In this article, we’ll dive deeper into what sprouted flour is, how it’s made, and what makes it better than regular flour!
What is sprouted flour?
So, what exactly is sprouted flour?
Sprouted flour is made from grains that have been allowed to sprout (germinate) before they’re ground into flour.
The sprouting process involves soaking whole grains in water until they begin to germinate and sprout, which can take anywhere from a few days to a week, depending on the type of grain (wheat, millet, rice, oats, etc.). Once the grains have sprouted, they’re dried and then milled into flour using specialized equipment.
What’s the difference between sprouted flour and regular flour?
The difference between sprouted and regular flour is that sprouted flour is made from grains that have been allowed to sprout before being ground into flour, while regular flour is not sprouted.
Overall, sprouted flour is a healthier alternative to regular flour due to its higher nutritional value and improved digestibility. It can be used in many of the same ways as regular flour, including baking bread, pastries, and other baked goods.
Benefits of sprouted flour
Sprouting can make the grains more nutritious by breaking down the starches and making the nutrients more bioavailable. It can also make sprouted flour easier to digest than regular flour, which can be beneficial for people with digestive issues.
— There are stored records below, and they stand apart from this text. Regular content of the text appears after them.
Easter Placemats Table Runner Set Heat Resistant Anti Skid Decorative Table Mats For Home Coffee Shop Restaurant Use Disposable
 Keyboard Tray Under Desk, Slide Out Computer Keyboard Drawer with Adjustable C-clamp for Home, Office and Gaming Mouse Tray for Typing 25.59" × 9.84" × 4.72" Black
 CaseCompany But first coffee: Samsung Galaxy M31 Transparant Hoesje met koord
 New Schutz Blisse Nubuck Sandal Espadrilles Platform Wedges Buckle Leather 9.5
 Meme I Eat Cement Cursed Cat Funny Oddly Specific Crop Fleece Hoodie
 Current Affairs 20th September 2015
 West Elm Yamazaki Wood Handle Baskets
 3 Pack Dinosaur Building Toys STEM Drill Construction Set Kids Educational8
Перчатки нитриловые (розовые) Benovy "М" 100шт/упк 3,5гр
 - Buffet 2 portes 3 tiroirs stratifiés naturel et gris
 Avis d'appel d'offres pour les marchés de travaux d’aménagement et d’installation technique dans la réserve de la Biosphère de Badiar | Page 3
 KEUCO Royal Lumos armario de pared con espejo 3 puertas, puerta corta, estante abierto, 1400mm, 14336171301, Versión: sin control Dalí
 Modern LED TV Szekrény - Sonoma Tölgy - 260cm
Sprouted flour is particularly high in fiber, vitamin C, iron, folate, and antioxidants.
The sprouting process also lowers the glycemic index of the flour, which means it can help regulate blood sugar levels. And since sprouting partially breaks down the starch in grains, sprouted flour tends to have fewer carbs.
When it comes to baking, the sprouting process reduces bitterness and brings out the sweetness of whole grains, so baked goods made with sprouted flour tend to be naturally sweeter than baked goods made with regular flour. Sprouted flour is especially great for making bread, as it can improve loaf volume and make softer, more tender bread than unsprouted flour.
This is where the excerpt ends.